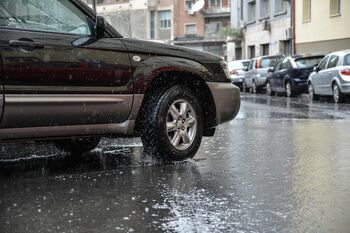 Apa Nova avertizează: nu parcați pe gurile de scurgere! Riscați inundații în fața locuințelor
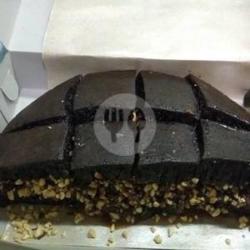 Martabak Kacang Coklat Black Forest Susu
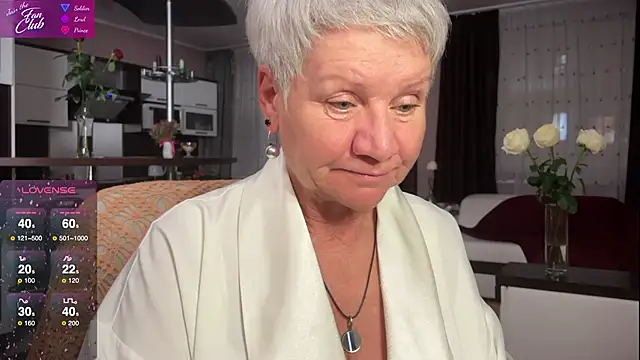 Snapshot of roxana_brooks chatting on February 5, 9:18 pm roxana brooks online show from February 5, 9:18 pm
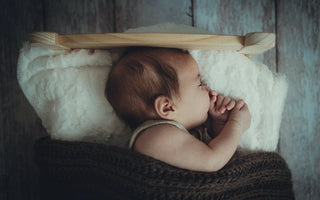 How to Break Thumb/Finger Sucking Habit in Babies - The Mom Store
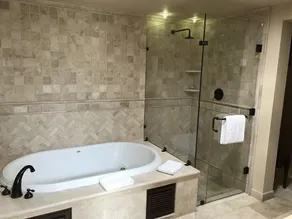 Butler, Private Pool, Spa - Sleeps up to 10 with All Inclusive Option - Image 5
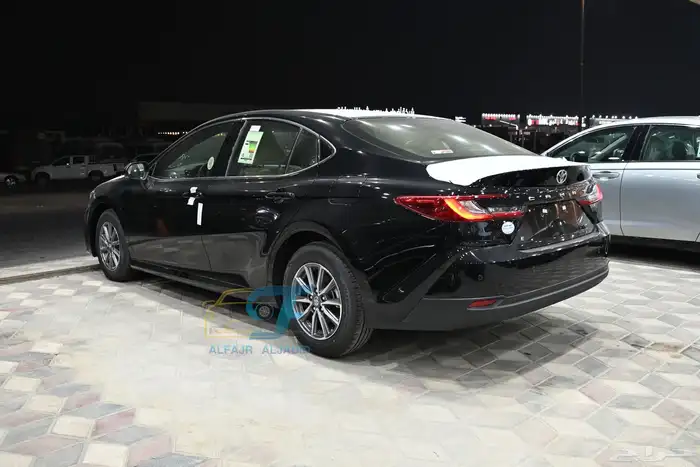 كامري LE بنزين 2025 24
* * *
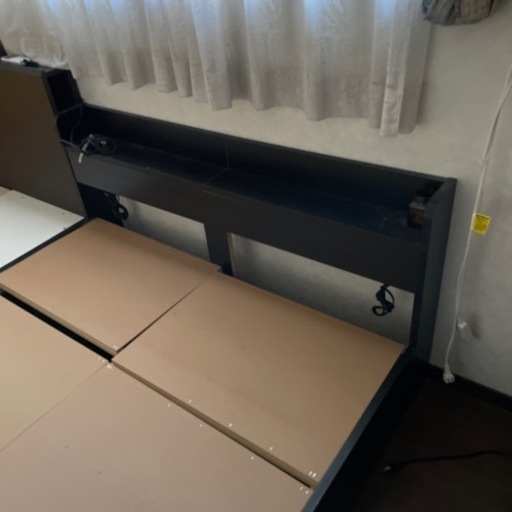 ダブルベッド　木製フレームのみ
* * *
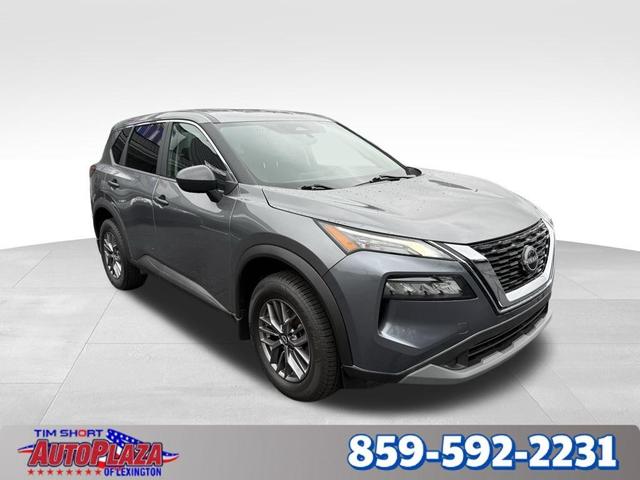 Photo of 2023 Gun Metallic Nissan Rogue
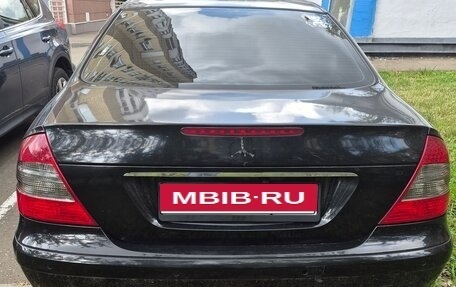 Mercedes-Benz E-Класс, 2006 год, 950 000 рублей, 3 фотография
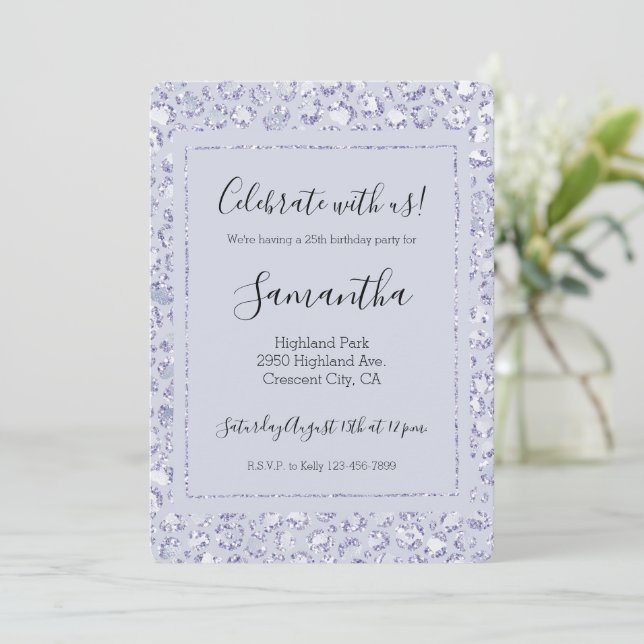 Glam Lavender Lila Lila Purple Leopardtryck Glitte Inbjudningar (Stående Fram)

What is expected: Copy exactly the lines of the entries above from the one containing "Snapshot of roxana_brooks" through the one containing "كامري LE بنزين 2025 24". Both end lines count; pictures do not.

Task result:
 Snapshot of roxana_brooks chatting on February 5, 9:18 pm roxana brooks online show from February 5, 9:18 pm
 How to Break Thumb/Finger Sucking Habit in Babies - The Mom Store
 Butler, Private Pool, Spa - Sleeps up to 10 with All Inclusive Option - Image 5
 كامري LE بنزين 2025 24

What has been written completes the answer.